### Data extract

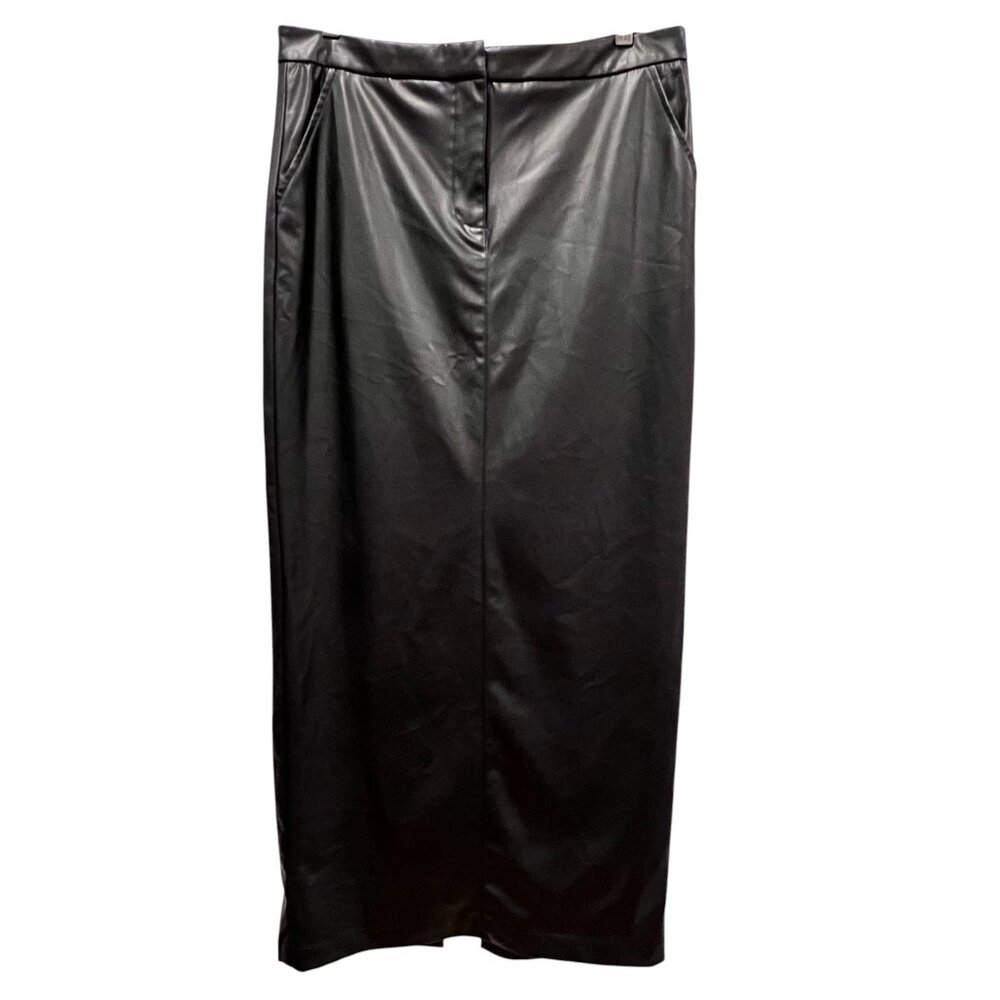 Zara Faux Leather Pencil Maxi Skirt, Black L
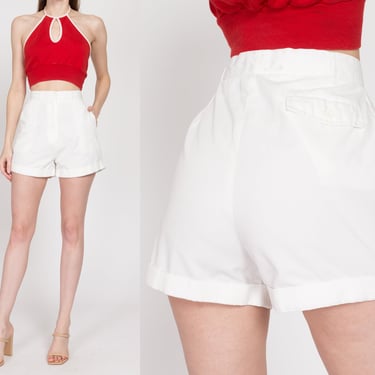 Small 80s White High Waisted Shorts 26.5" | Vintage Cuffed Cotton Blend Summer Shorts 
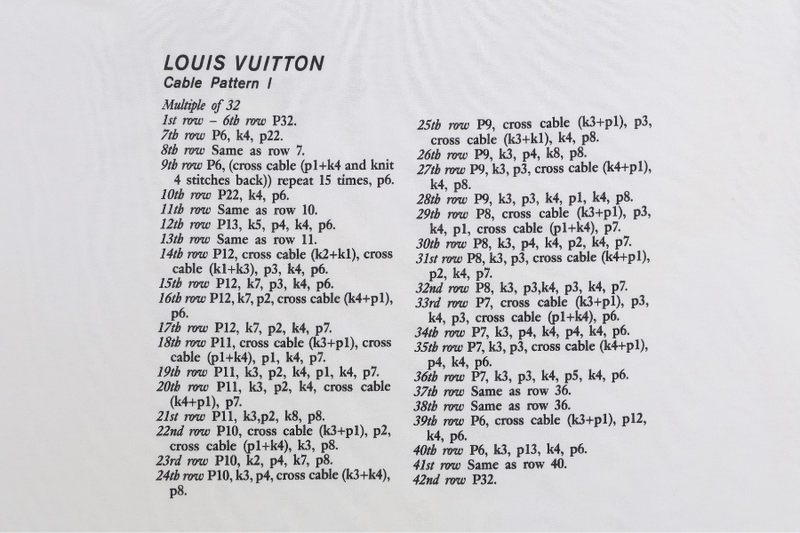 LOUIS VUITTON WHITE CABLE PATTERN TEE SHIRT M SIZE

### What is required
The expected output is the full data above, reproduced exactly with no images.

### Exercise response
 Zara Faux Leather Pencil Maxi Skirt, Black L
 Small 80s White High Waisted Shorts 26.5" | Vintage Cuffed Cotton Blend Summer Shorts 
 LOUIS VUITTON WHITE CABLE PATTERN TEE SHIRT M SIZE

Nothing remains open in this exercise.